I’s never heard of Jorja Smith before.  But the blurb really sets the scene for the R&B that followed.

It’s a good thing the weather was gloomy the day Jorja Smith rolled in for her Tiny Desk concert. Even though the skies threatened rain and thunder, the overcast light lingering in our dimmed office space allowed the teardrop pendant lights, hung from the ceiling by her lighting team, to cast the desk in a warm, honey-hued glow. And while the nimble guitar strings and double-time drums of her supporting band was enough to dizzy the focus in the room, it was the U.K. singer’s slow, silky cadence that anchored the performance in tranquility.

Smith sings three songs.

“On My Mind” starts out wonderfully with slick trippy drum beat (lots of double-time rim shots) and a great funky bassline.  The keys add nice touches on top of the songs.  But when Jorja sings, she sounds just like a soulful British pop singer, which I just don’t like all that much.  There’s some interesting and at the same time cheesy-sounding electric guitar that accents the ends of the verses.   In other words, there’s a lot to like but overall I just don’t.

It is followed by “Teenage Fantasy” (a ballad to love lost written when she was 16).  It’s a lot poppy and less funky.

When she closed her eyes to deliver the rap verse of “Blue Lights,” the anti-injustice song that first positioned her as a SoundCloud darling in 2016, a hush fell over the room in awe of her precision.

She ends with “Blue Lights” a more R&B poppy song.  Again I like the drums but don’t like the R&B keening.

After she finished, but before retreating to the comfort of Supreme sweats, Smith and her band bestowed the Tiny Desk with a blue lava lamp signed by every member.
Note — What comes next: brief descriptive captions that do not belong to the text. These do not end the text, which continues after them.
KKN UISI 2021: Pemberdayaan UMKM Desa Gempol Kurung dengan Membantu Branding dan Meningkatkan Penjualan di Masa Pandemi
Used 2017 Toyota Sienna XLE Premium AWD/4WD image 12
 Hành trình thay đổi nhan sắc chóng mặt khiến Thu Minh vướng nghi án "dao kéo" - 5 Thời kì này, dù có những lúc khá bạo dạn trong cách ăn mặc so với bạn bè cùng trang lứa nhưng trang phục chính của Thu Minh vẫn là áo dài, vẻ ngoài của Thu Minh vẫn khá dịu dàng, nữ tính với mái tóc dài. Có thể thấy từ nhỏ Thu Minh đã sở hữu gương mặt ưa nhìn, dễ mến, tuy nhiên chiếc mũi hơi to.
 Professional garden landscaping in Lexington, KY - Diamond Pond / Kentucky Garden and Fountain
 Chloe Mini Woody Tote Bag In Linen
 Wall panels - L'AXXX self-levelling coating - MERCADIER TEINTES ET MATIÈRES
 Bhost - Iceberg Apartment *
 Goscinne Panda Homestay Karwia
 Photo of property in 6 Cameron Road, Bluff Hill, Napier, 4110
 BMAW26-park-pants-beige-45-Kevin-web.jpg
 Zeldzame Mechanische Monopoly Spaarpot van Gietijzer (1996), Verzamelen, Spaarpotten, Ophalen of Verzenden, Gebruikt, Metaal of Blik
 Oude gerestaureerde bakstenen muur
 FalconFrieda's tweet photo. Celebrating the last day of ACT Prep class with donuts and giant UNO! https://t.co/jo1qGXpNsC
Keep an eye out for that Easter egg in future episodes.

[READ: February 4, 2018] “The Education of Mr. Bumby”

This was a previously unpublished sketch included in a new edition a A Movable Feast, which I’ve never read.

I’m not a huge fan of Hemingway, and this excerpt (even if it is a sketch) didn’t appeal to me much.

This is non-fiction.  The narrator and his son Bumby spent much time in cafes.  I know that Hemingway is known for his brevity so this long sentence was quite surprising.

Touton had a great part in the formative years of Bumby’s life and when there would be too many people at the Closerie des Lilas for us to work well or I thought he needed a change of scene I would wheel him in his carriage or later we would walk to the café on the Place Saint Michel where he would study the people and the busy life of that part of Paris where I did my writing over a café crème. Everyone had their private cafés there where they never invited anyone and would go to work or to read or to receive their mail. They had other cafés where they would meet their mistresses and almost everyone had another café, a neutral café, where they might invite you to meet their mistress and there were regular, convenient, cheap dining places where everyone might eat on neutral ground. It was nothing like the organization of the Montparnasse quarter centered about the Dôme, Rotonde, Select, and later the Coupole or the Dingo bar which you read about in the books of early Paris.  As Bumby grew to be a bigger boy he spoke excellent French and, while he was trained to keep absolutely quiet and only study and observe while I worked, when he saw that I was finished he would confide in me something that he had learned from Touton.

(more…)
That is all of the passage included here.